The March on Washington and the Meaning of Social Justice

Tanya Lombard
August 28, 2020
Community Impact

The March on Washington and the Meaning of Social Justice

Today’s March on Washington is a landmark event in the push for equality and social justice. Taking place on the 57th anniversary of Martin Luther King Jr.’s historic “I Have a Dream” speech, the March brings together the civil rights community’s most important leaders, including the National Action Network, National Urban League and NAACP.

Our nation is facing immense challenges at this time. Millions of our fellow Americans, especially those still not fully able to participate in the American dream, suffer from a lack of economic, social and educational opportunities. The vastly disproportionate harm Covid-19 inflicts on communities of color, as well as the persistent Digital Divide, are testaments to how far America remains from reaching Dr. King’s dream.

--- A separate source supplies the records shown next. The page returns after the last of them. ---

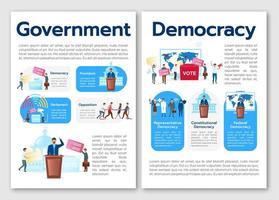 politiska system metafor broschyr mall. typer av demokrati. flygblad, häfte, broschyrtryck, omslagsdesign med platta illustrationer. vektor sidlayouter för tidskrifter, rapporter, reklamaffischer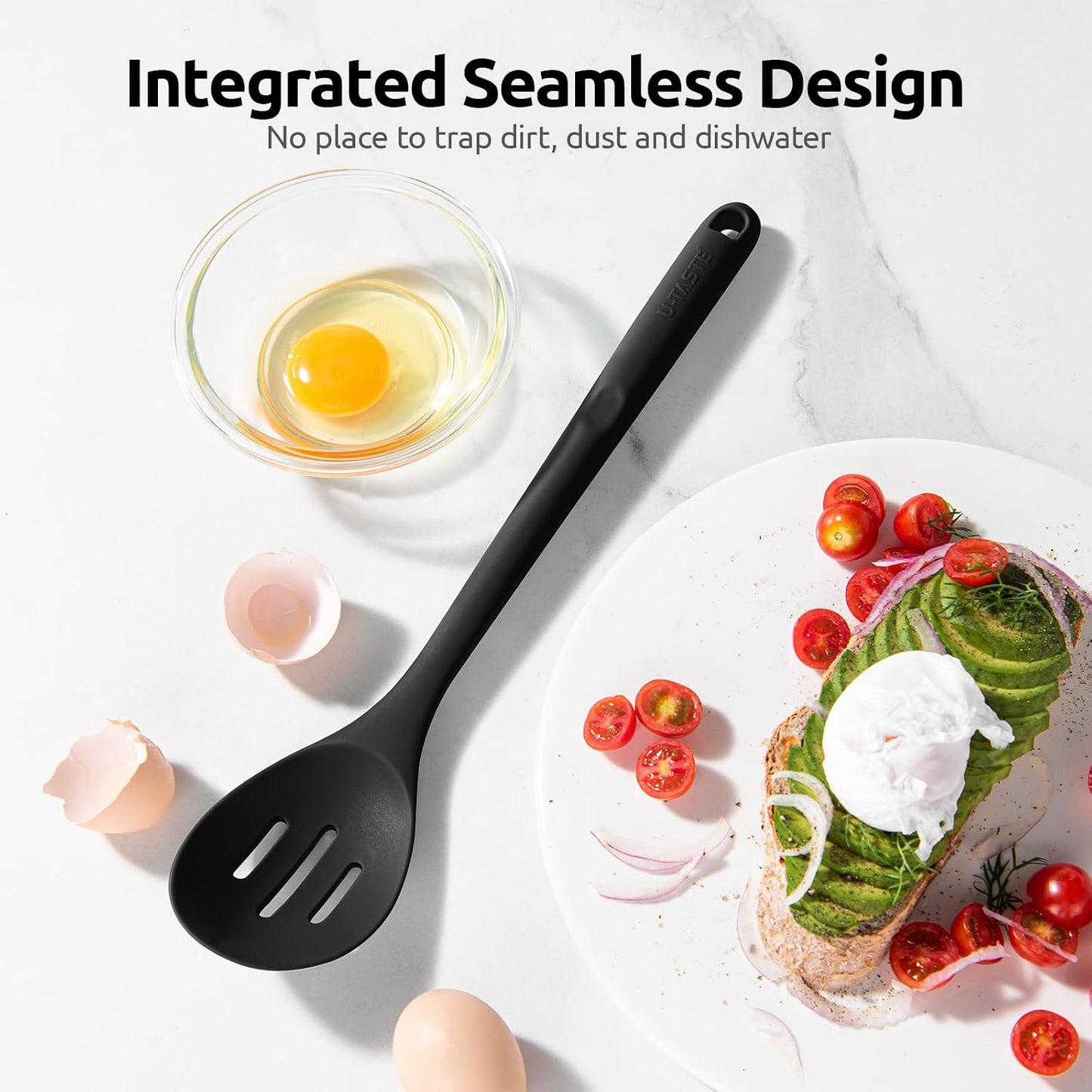 600ºF Heat Resistant Silicone Spoons: U-Taste 13.3in Solid & Slotted Kitchen Cooking Tool, Nonstick Long Rubber Utensil, Sturdy for Mixing, Serving, Stirring, Frying, Basting (Aqua Sky, 2PCS)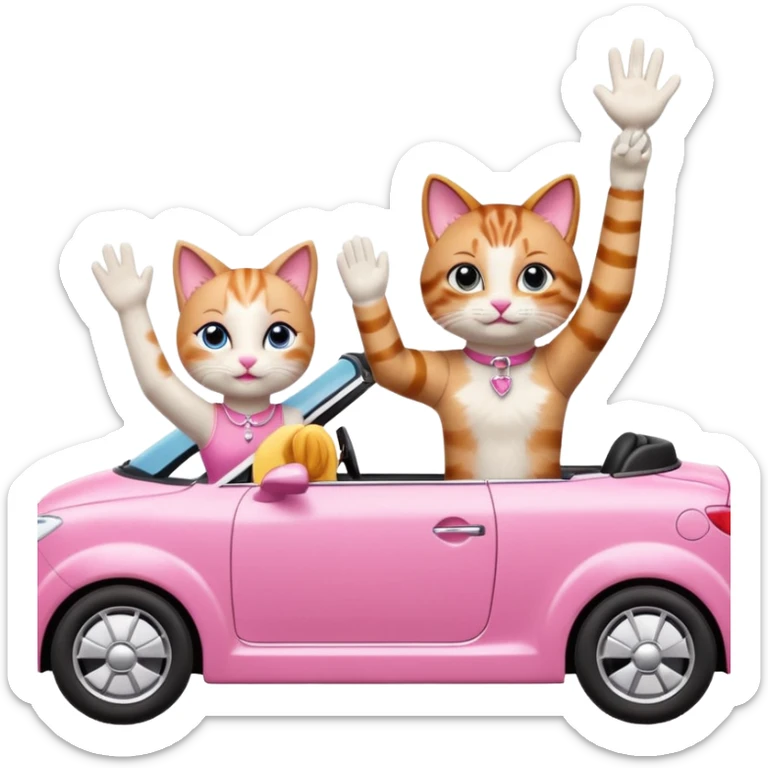 Barbie and Ken as cats waving from a pink convertible car sticker
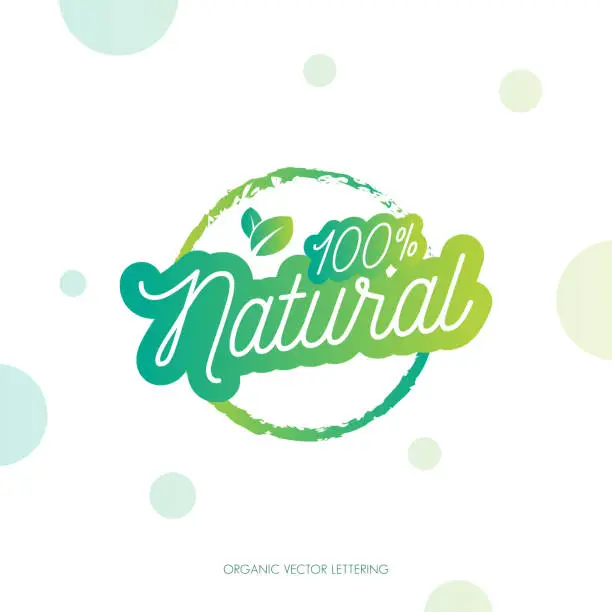 Vector illustration of Organic food lettering. Natural meal fresh products logo. Ecology farm bio food vector premium badges stock illustration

That’s why it’s vital for people of good will to take a stand at today’s March. I, and many others at AT&T, have been energetically involved with the Rev. Al Sharpton in this effort and I’m especially proud that AT&T is lending its support.

The March is about far more than police reform and other worthy issues. It is about social justice. Social justice is a value that is – and certainly ought to be – shared by everyone. That means not just shared by people who live here, but also by the institutions that impact our lives, whether a government, a charity or a corporation.

Social justice involves constantly striving to create a better community because justice is not something suddenly realized and then complete. It is a value all of us should continually work to attain and a value where we should mourn when we fall short. In serving this country, corporations in particular should learn how to incorporate contributions from all people to enhance products, services and the way they support our communities.

Fifty-five years ago, on the Pettus Bridge, millions saw in real time the televised images of a peaceful march suddenly upended by firehoses, police dogs and beatings. When a state trooper fractured the skull of my friend, the late John Lewis on “Bloody Sunday,” Americans could no longer plead ignorance to what Black Americans had known for generations. That moment forced Americans to confront the reality that equal treatment promised under the law depended on those enforcing the law. The nation saw that the law was too often enforced differently depending on one’s skin color.

In a statement revealing his diagnosis, Congressman Lewis said, “We still have many bridges to cross.” Coming soon after the horrific video of George Floyd’s death under the knee of a white police officer, that statement should be both a warning and a call to the greater good. Today, we must never forget the names of so many Black lives unfairly lost: Breonna Taylor, Philando Castile, Jamar Clark, Ahmaud Arbery, Dreasjon Reed and Botham Reed.

Those and countless other killings spotlight the continued injustices experienced by Black Americans. Their deaths underscore the history of violence and racism Black people still face.

At AT&T, we are firmly committed to the moral principle that Black lives matter. That’s why we are committed to putting our resources and leadership to bear on law enforcement reform, economic empowerment and social equality.

Today’s March is a chance to stand up for these principles of social justice. Please join me in this vital effort.